U.S. officials engaged in trade negotiations with Japan said Thursday that country has not done enough to address the underlying causes of the persistent U.S.-Japan trade imbalance. At the conclusion of the first of two days of talks, U.S. delegates complained that Japan's plans to help ease its $49-billion trade surplus with the United States "hadn't gone as far as we hoped."
In particular, Japan is moving too slowly in changing its high savings and investment rates, land policies, exclusionary business practices, inefficient retail distribution networks and pricing mechanisms, U.S. officials said.
"It is very important to note that some progress has been made. But frankly, much more needs to be done," said a member of the U.S. delegation, who briefed reporters on condition he not be identified by name.
On Friday, it is the United States' turn to explain what it is doing to change American practices that contribute to the imbalance. U.S. officials said they would outline Washington's plans to increase the low U.S. savings and investment rates and to bolster the competitiveness of American firms.

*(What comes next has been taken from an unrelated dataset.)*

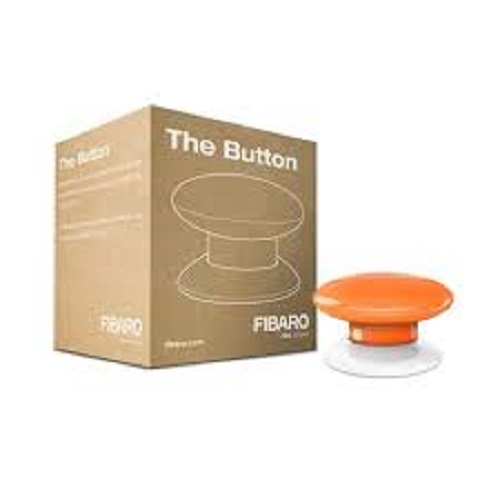 Fibaro The Button wireless smart home controller for automatic garage door systems by SAMT in New South Wales, Australia.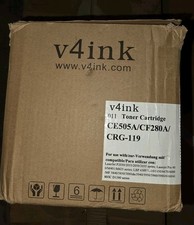 2PK V4ink 011 Toner Cartridge CE505A/CF280A/CRG-119 NEW - OPEN BOX picture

The talks, called the Structural Impediments Initiative, were launched last May after years of exchange rate adjustments and other steps failed to significantly reduce the imbalance.
This round of talks, originally set for early January, was postponed at Japan's request until after national parliamentary elections Sunday that kept the Liberal Democratic Party in power.
After the delay, U.S. officials said, they expected Japanese leaders to produce plans for both long-term measures and immediate actions to tackle structural trade problems.
U.S. trade negotiators are under heavy pressure to demonstrate progress in the talks to stave off protectionist trade legislation in Congress.
U.S. officials say Japan's high savings and investment rates, its land policies, exclusionary business practices, inefficient retail distribution networks and pricing mechanisms all indirectly restrain trade.